Pas de surprise uniquement la confirmation de quelques-unes de ses propositions de campagne.

Une limitation de l’activité des parlementaires

En particulier s’agissant du travail parlementaire. Devant le parterre studieux de la représentation nationale, il a redit sa volonté de réduire d’un tiers le nombre de parlementaires et de bouleverser le rythme de leur travail.

Ainsi il veut donner la « priorité aux résultats », par la rupture avec « l’accumulation des textes » afin de donner du temps à l’évaluation et au contrôle a posteriori. En clair, limiter au maximum le débat législatif et le fait même de légiférer (considérés comme trop chronophages) pour que la loi se limite à fixer un cap, des axes fondamentaux, qui eux, doivent être construits le plus vite possible pour accompagner les mouvement de la société.

En d’autre termes le parlement doit pour le président devenir une chambre d’enregistrement de sa volonté et un bureau d’étude et de contrôle le reste du temps. Ce n’est pas la  « dose de proportionnelle » qui changera profondément la nature de son projet pour le travail législatif.

Une perception monarchique de sa fonction

Il a insisté sur la nécessité du pluralisme et du respect des oppositions, bien conscients que cela constitue une des principales raisons de critique de sa démarche.

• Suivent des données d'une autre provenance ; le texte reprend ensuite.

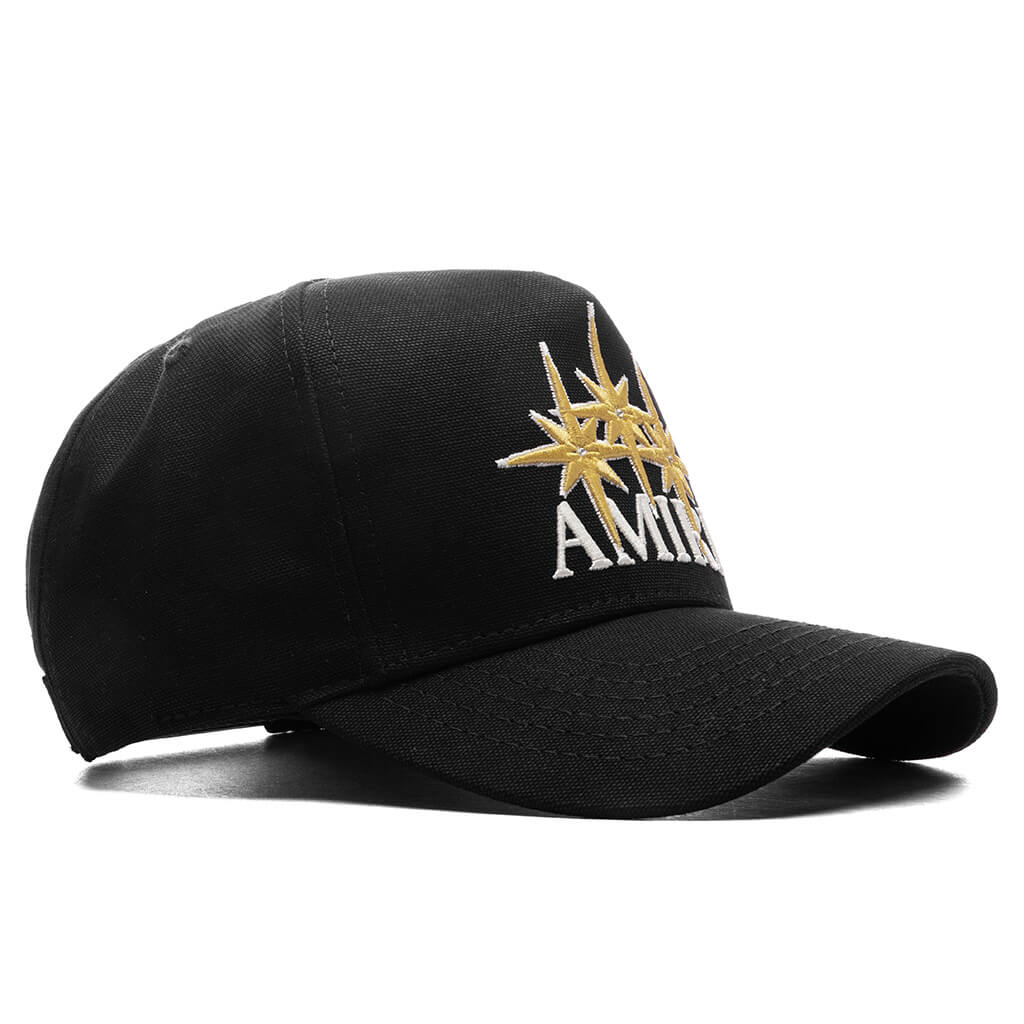 Amiri Starburst Canvas Hat - Black - Image 3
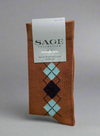 Color of the year 2025. Premium cotton crew socks in mocha mousse with vintage argyle pattern, seamless toe, and left-right foot design detail – breathable and stretchable for all-season wear.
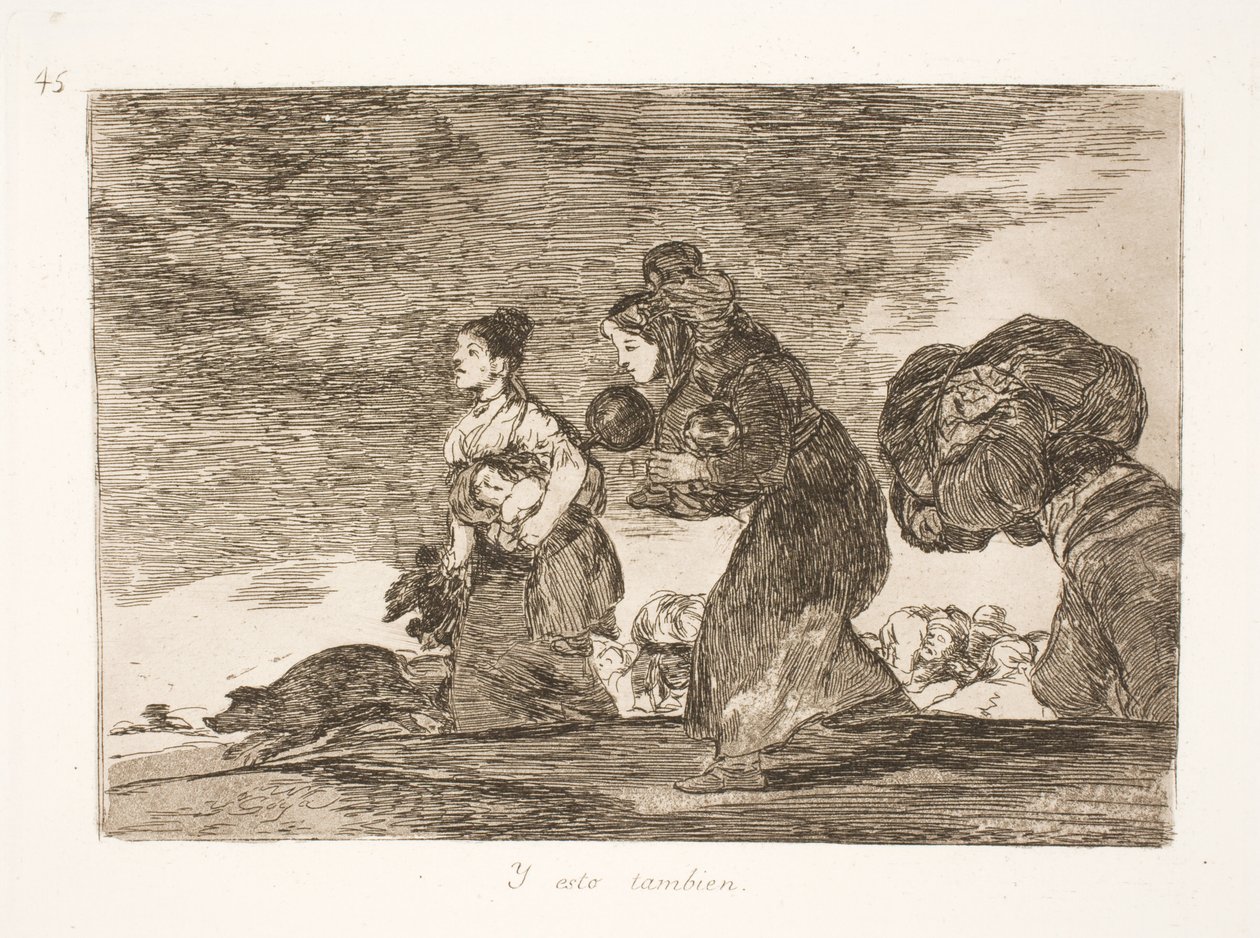 Isso também (45) de Francisco de Goya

Cela ne l’empêche pas pour autant d’assumer pleinement de se présenter devant le congrès avant même le premier ministre et de dire qu’il le ferait chaque année, et que ceux qui le refusent (PCF et FI) font preuve de « sectarisme » et « d’arrogance doctrinaire ». Ces « donneurs de leçon », ces « moralisateurs » qui seraient les tenants d’un système sclérosé, empêcheraient par intérêt d’améliorer la « représentativité » et la « responsabilité » des élus.

La fin de l’état d’urgence

Il a annoncé sans sourcillé la fin de l’état d’urgence à l’automne. Il semble qu’il ait oublié qu’il a lancé le processus pour l’inscrire dans le droit commun.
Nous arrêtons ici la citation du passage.